Given material ▸
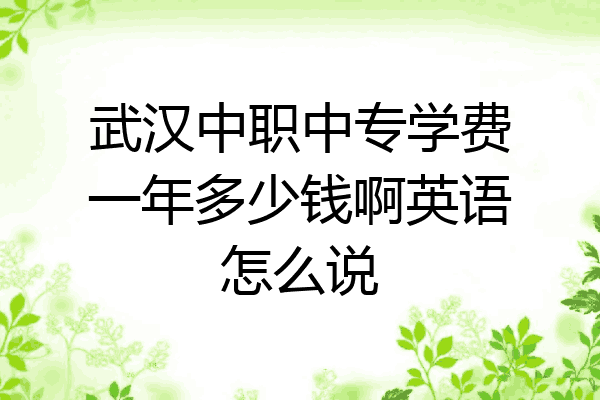 武汉中职中专学费一年多少钱啊英语怎么说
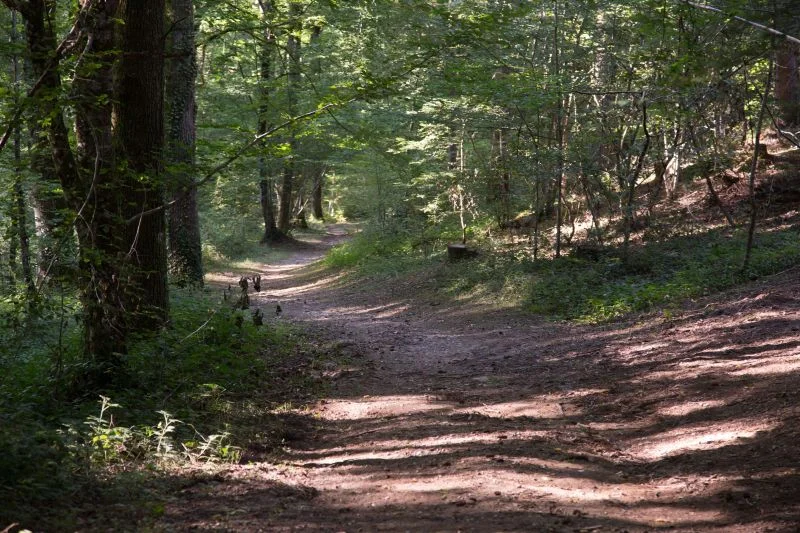 Randonnée Sentier de découverte de la forêt de Sérénac · Sérénac
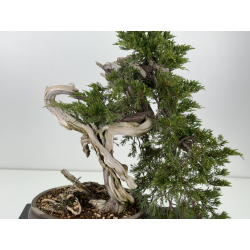 Juniperus sabina A00921 view 2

Problem statement ▸ Write out the data word for word, with every picture dropped.

Output of the exercise ▸
 武汉中职中专学费一年多少钱啊英语怎么说
 Randonnée Sentier de découverte de la forêt de Sérénac · Sérénac
 Juniperus sabina A00921 view 2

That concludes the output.